With a little help from low-cost online courses and tutorials, Nick Gidwani watched two interns go from making $8 an hour to snagging six-figure jobs.
Gidwani, who launched a new site called SkilledUp.com on Aug. 21, said free and fee-based web-based classes that help employees show expertise in their field have long been undervalued by young people competing for jobs in the country’s slumping economy. SkilledUp, he said, would help workers find the proper online training with a no-hassle web search.
SkilledUp has 115 online education options available in its search engine – a number expected to grow by 10 every day in the coming weeks, including courses from Massive Open Online Course (MOOC) sites like Udacity and Coursera.
SkilledUp will also include little known, high quality web-based classes that charge about $30 a month, but aren’t immediately visible in a casual Google search. The website has positioned itself as a search engine for workers who see education as a means to a higher paycheck.
“If education doesn’t have [return on investment], it probably doesn’t deserve to be called education,” Gidwani said. “There are so many kids out there earning seven bucks an hour who can have a decent life in a short period of time. … And this is one way to achieve that.”
Earning an online credential or badge – showing an employer that you’ve mastered certain skills – can be the difference between working for near minimum wage right out of college, and earning a decent living, Gidwani said.
Even at companies run by people who aren’t familiar with online credential-based classes, completing a course can separate an applicant from the field.
“If someone is young and they took the initiative to learn something themselves, and it’s a skill that I value, that’s a key differentiator,” Gidwani said. “If someone has a badge, that is a shortcut for me to decide the person knows what they’re doing.”
With thousands of free and low-cost courses available, employees – including recent college graduates – have had a tough time finding online courses worth taking. Narrowing legitimate options, Gidwani said, is the only way to ensure students aren’t wasting their time or money on credential-based online classes.
In his earlier private sector work, Gidwani said two interns he hired at $12 an hour took a series of programming and marketing courses and cashed in with high-paying jobs just months later.
“There are so many kids graduating these days who are smart and really computer savvy, but don’t really have any skills that translate on Day One,” he said. “So many people spend $100,000 on a college education and don’t have much to show on the first day of work.

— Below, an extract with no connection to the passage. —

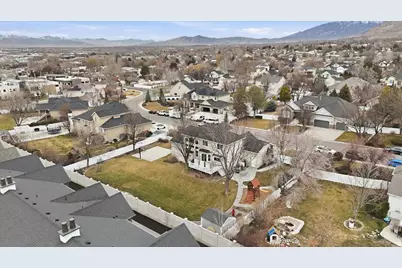355 W 600 N, Lindon, UT 84042 - Photo 42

That’s unfortunate.”
SkilledUp is paid by the site that offers an online course, if and when the student signs up to take the course through a search on the SkilledUp website.
Free and low-cost courses offered by websites like Coursera and Udacity have moved closer to higher education’s mainstream since a group of major universities announced in July that they would soon offer MOOCs, although most universities would not offer course credit.
The University of Washington, however, will offer credit upon completion of some Coursera classes.
UW officials, since the school’s Coursera partnership was announced July 17, have touted the university’s decision to offer course credit, while other schools will give certificates to people who complete their Cousera classes.
UW’s credit-bearing Coursera offerings – expected to be available during the 2012-13 academic year — will include applied mathematics program in scientific computing computer science courses, some focusing on programming. UW currently offers 17 online graduate master’s degrees online, along with 38 online certificate programs in a laundry list of career fields.
But before the school’s Coursera course selections are mistaken for free college classes, UW administrators want online learners to know that taking the credit-bearing classes does not lead to admittance.
David Szatmary, vice provost of UW’s educational outreach, said UW is making its course content available for credit on Coursera because campus decision makers and professors are comfortable with the shift toward web-based learning, and don’t see MOOCs as a usurper of higher education’s status quo.
“If an anxiety exists, it’s because it’s new and it’s untested and all of the elements and possibilities haven’t come out yet,” Szatmary said of Courera and similar MOOC sites, like edX and the Khan Academy. “It’s just anxiety over something that’s new and unfamiliar. And as these MOOCs go forward, I think they will be part of the higher education landscape, but it’s not going to replace undergraduate education or a master’s degree education.”